--- Problem details ---
Copy task for the material below: print the line with "Here we go." and every line after it to the end, exactly as written, without the pictures.

--- Available data ---
■ ■ ■ ■ ■
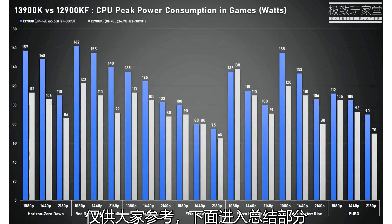Horizon Zero Dawn sees a minus 0.7% to 10.98% increase in frame rates. There are some anomalous 70% frame rate increases in RDR2, discounting which we still see a 2–9% increase.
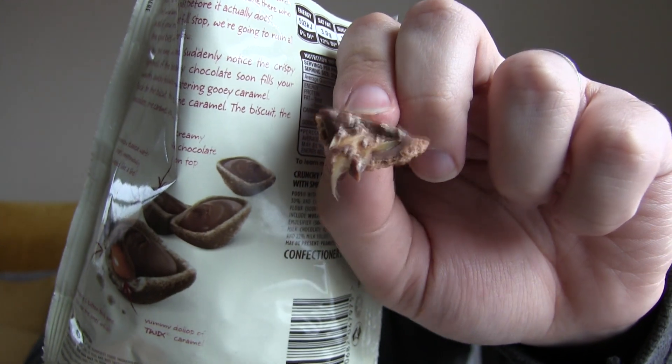Here we go. Wow. I'm going to bite into one to show you now. Mmm. Wow. That's fairly delightful. That's what it looks like in the middle.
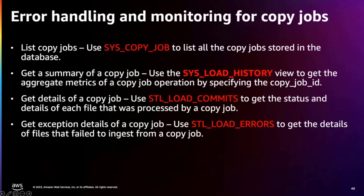For error handling and monitoring of copy jobs, Redshift offers many system tables. The syscopy jobs table allows you to list your copy jobs. You can get the summary of a copy job using sysload history. You can get the detail of your copy job using STL load commit. And you can see the errors using STL load error.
■ ■ ■ ■ ■
--- Worked solution ---
Here we go. Wow. I'm going to bite into one to show you now. Mmm. Wow. That's fairly delightful. That's what it looks like in the middle.
For error handling and monitoring of copy jobs, Redshift offers many system tables. The syscopy jobs table allows you to list your copy jobs. You can get the summary of a copy job using sysload history. You can get the detail of your copy job using STL load commit. And you can see the errors using STL load error.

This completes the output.